Compendium of experimentally measured reversible BCE. The size of the symbols represents the reversible barocaloric strength defined as the ratio of |ΔS _rev| by the corresponding pressure change Δp. Material names are indicated near each symbol or in the right side of the panel.
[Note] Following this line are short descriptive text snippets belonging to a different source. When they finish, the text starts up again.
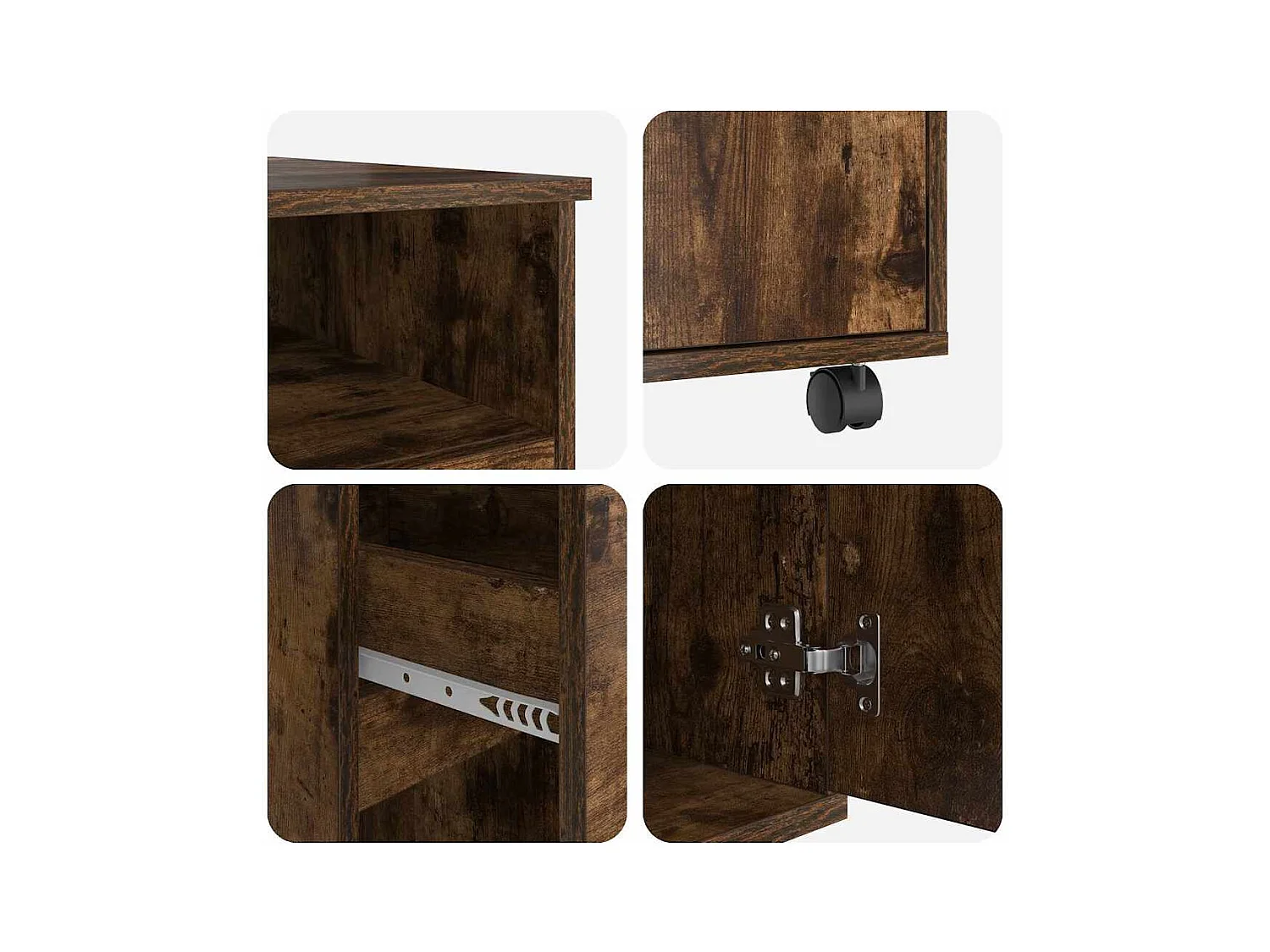 Bureau avec roulettes avec tiroir Chêne fumé 91 x 50 x 77 cm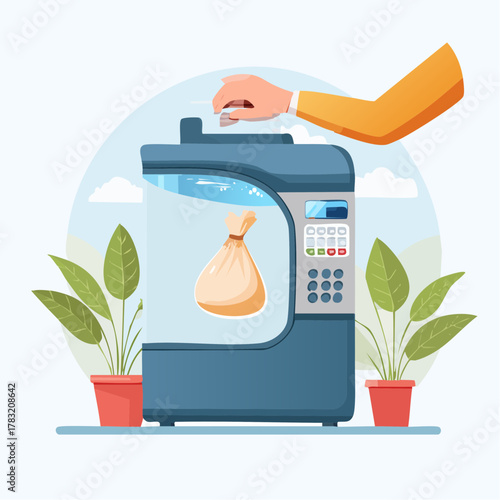 Bag of money inside a futuristic machine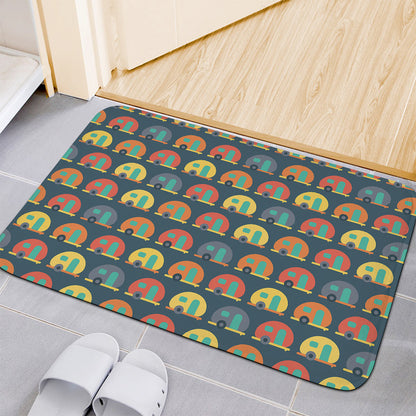 Camping Van Pattern Print Indoor Door Mat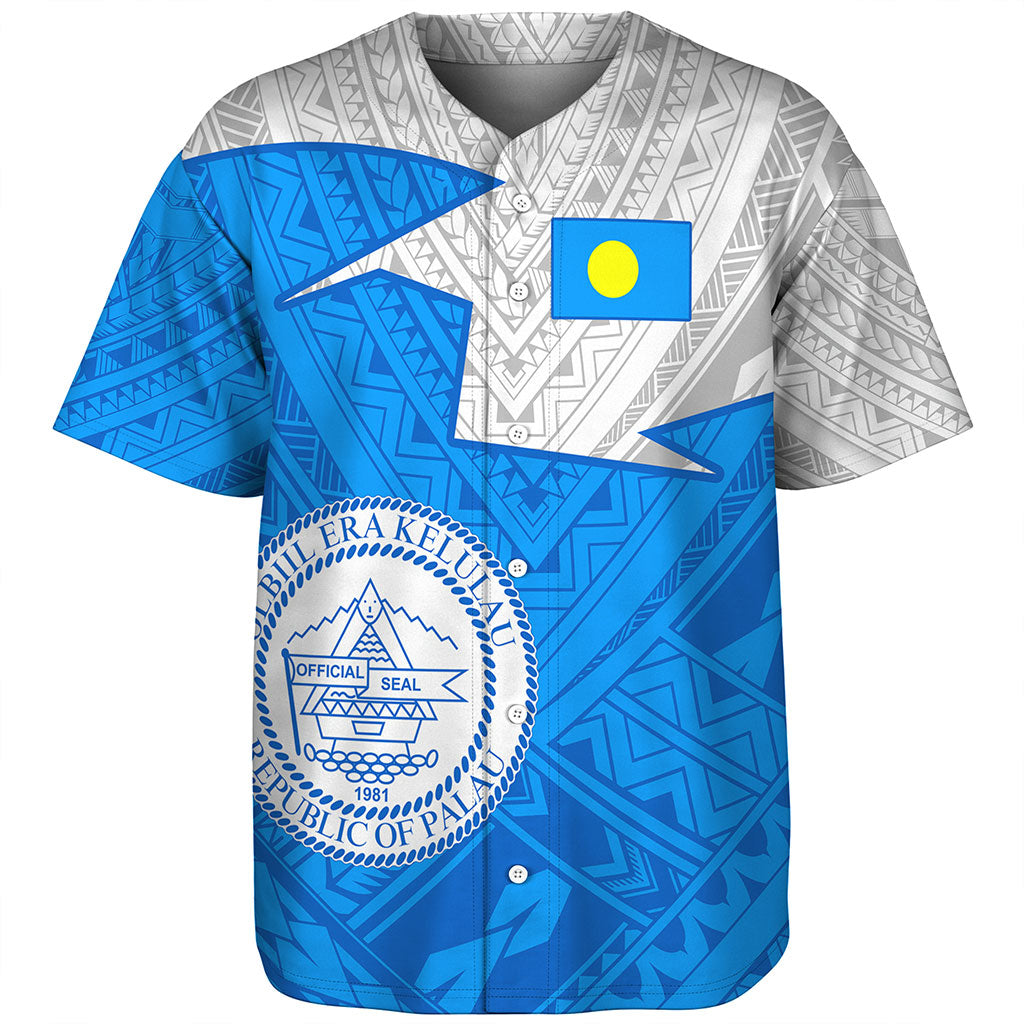 Palau Baseball Shirt Polynesian Tattoo Flag And Coat Of Arms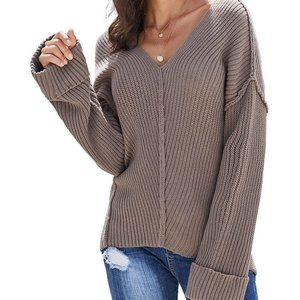 HOST PICK  New Raw Seams V-Neck Knit Pullover Sweater L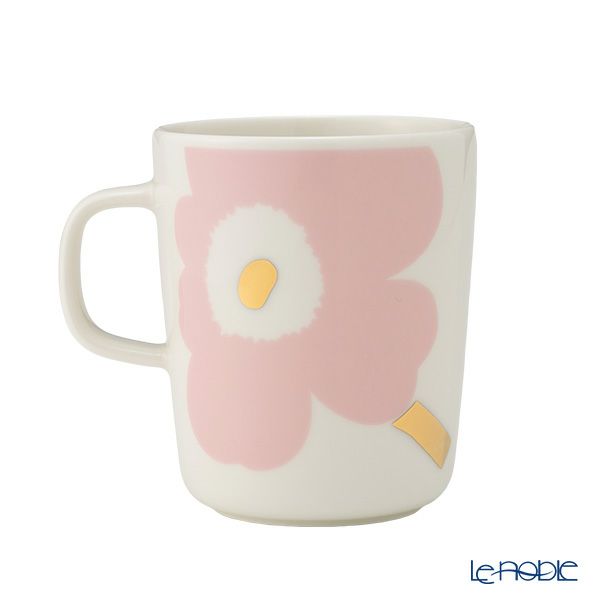 マリメッコ（marimekko） Juhla Unikko ユフラ ウニッコ／けしの花 マグカップ 250ml ホワイト×ピンク×ゴールド ペア 073998-132／25SS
NPG: neopentylglycol^{[ 51 ]}; PG: pentaglycerine^{[ 51 ]}; NPA: Neopentyl alcohol^{[ 51 ]}; o‐carb: orthocarborane^{[ 52 ]}; m‐carb: metacarborane^{[ 52 ]}; p‐carb: paracarborane^{[ 52 ]}; 1‐Br‐ada: 1‐Bromoadamantane^{[ 53 ]}; 1‐Cl‐ada: 1‐Chloroadamantane^{[ 53 ]}; 1ada‐ol: 1‐adamantanol^{[ 24 ]}; 2ada‐ol: 2‐adamantanol^{[ 24 ]}; 2m2ada‐ol: 2‐methyl‐2‐adamantanol^{[ 24 ]}; ASR: Acetoxy Silicone Rubber^{[ 54 ]}; C₆₀ ^{[ 55 ]}; Fe₃(bntrz)₆(tcnset)₆ ^{[ 32 ]}; Fe[HB(tz)₃]₂ ^{[ 56 ]}; (C₁₀H₂₁NH₃)₂MnCl₄ ^{[ 23} , ^{55 ]}; [TPrA]Mn[dca]₃ ^{[ 57 ]}; [TPrA]Cd[dca]₃ ^{[ 58 ]}; [DBA][BF₄]^{[ 25 ]}; (NA)₂CuBr₄ ^{[ 23 ]}; NH₄I^{[ 59 ]}; Nitrile Butadiene Rubber^{[ 60 ]}; Ni₅₀Mn_31.5Ti_18.5 ^{[ 61 ]}; Ni_49.26Mn_36.08In_14.66 ^{[ 62 ]}; Ni_35.5Co_14.5Mn₃₅Ti₁₅ ^{[ 63 ]}; Ni_42.3Co_7.9Mn_38.8Sn_11.0 ^{[ 64 ]}; Fe₄₉Rh₅₁ ^{[ 65} , ^{66 ]}; MnCoGeB_0.03 ^{[ 67 ]}; (MnNiSi)_0.62(FeCoGe)_0.38 ^{[ 68 ]}; (MnNiSi)_0.61(FeCoGe)_0.39 ^{[ 69 ]}; (MnNiSi)_0.60(FeCoGe)_0.40 ^{[ 69 ]}; (MnNiSi)_0.59(FeCoGe)_0.41 ^{[ 69 ]}; Co₅₀Fe_2.5V_31.5Ga₁₆ ^{[ 70 ]}; BaTiO₃ ^{[ 71 ]}; (NH₄)₂SO₄ ^{[ 72 ]}; AgI^{[ 73 ]}; Li₃N^{[ 74 ]}; Cu₂Se.^{[ 75 ]} Additional details can be found in the Table S1 (Supporting Information).

Figure 5

Colossal BCE estimated for bulk LiCB₁₁H₁₂ with MD simulations. a) Volume change per formula unit across the phase transition expressed as a function of temperature and pressure. b) Total entropy curves expressed as a function of pressure and temperature. Inset: theoretically calculated p–T phase diagram. c) Isothermal entropy and d) adiabatic temperature changes expressed as a function of temperature and pressure. Results were obtained from NpT‐MD simulations.

Figure 6

Atomistic insights into the order‐disorder phase transition in LiCB₁₁H₁₂ from MD simulations. a) Lithium ion diffusion coefficient, D _Li. b) Anionic reorientational frequency, λ_CBH. Solid lines correspond to Arrhenius law fits. c–d) Cumulative function of the vibrational entropy as a function of the phonon energy and atomic species, calculated for the ordered (T = 400 K) and disordered (T = 412 K) phases at zero pressure. Dashed lines indicate analogous asymptotic values reached in the ordered phase. e–f) Angular probability density function estimated for the molecular (CB₁₁H₁₂)⁻ anions calculated in the ordered (T = 350 K) and disordered (T = 550 K) phases at zero pressure, expressed as a function of the polar (θ) and azimuthal (ϕ) angles. Dark and bright areas represent low and high probability regions, respectively.

Figure 7

Partial contributions to the entropy change accompanying the order‐disorder phase transition in LCBH expressed as a function of pressure. Entropy changes stem from the vibrational, ΔS _vib, molecular orientational, ΔS _ori, and cation diffusive, ΔS _diff, degrees of freedom. Results were obtained from comprehensive molecular dynamics simulations and Gibbs free energy calculations (Experimental Section).